Task material:
....

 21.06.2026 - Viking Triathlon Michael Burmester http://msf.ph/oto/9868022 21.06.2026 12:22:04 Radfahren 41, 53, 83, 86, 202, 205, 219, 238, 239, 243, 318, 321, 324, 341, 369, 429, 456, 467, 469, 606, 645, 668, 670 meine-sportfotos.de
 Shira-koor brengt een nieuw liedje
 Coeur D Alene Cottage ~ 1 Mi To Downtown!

....

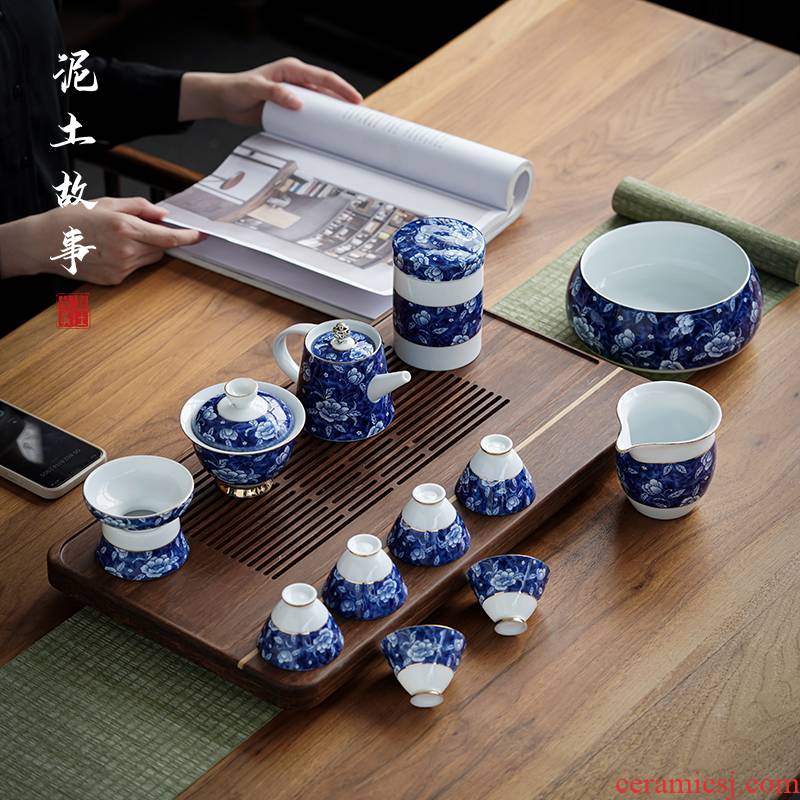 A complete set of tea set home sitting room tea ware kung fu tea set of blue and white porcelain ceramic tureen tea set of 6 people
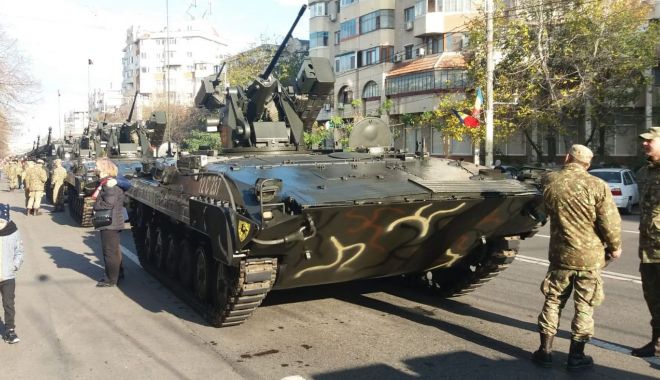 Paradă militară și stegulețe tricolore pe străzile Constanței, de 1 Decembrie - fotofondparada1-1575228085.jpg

....

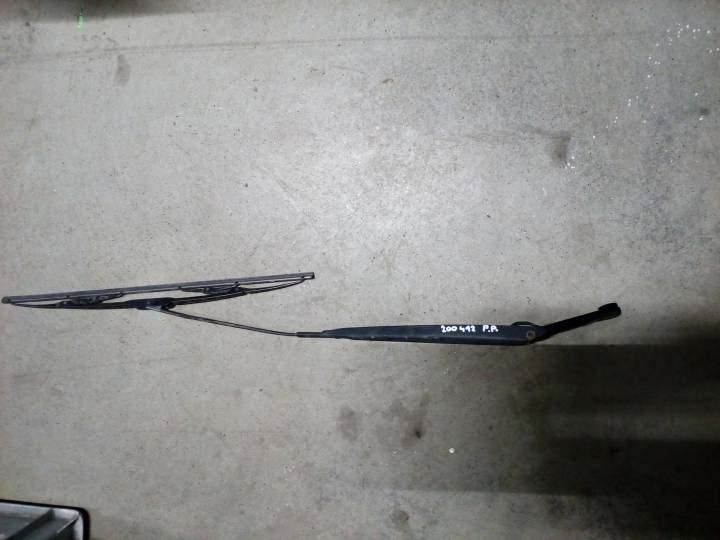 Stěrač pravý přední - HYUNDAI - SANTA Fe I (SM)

....

Directions for this task:
Give again exactly, and only, the lines above starting at the one with "21.06.2026 - Viking" and ending at the one with "Coeur D Alene Cottage ~ 1 Mi To Downtown!".

Response for this exercise:
 21.06.2026 - Viking Triathlon Michael Burmester http://msf.ph/oto/9868022 21.06.2026 12:22:04 Radfahren 41, 53, 83, 86, 202, 205, 219, 238, 239, 243, 318, 321, 324, 341, 369, 429, 456, 467, 469, 606, 645, 668, 670 meine-sportfotos.de
 Shira-koor brengt een nieuw liedje
 Coeur D Alene Cottage ~ 1 Mi To Downtown!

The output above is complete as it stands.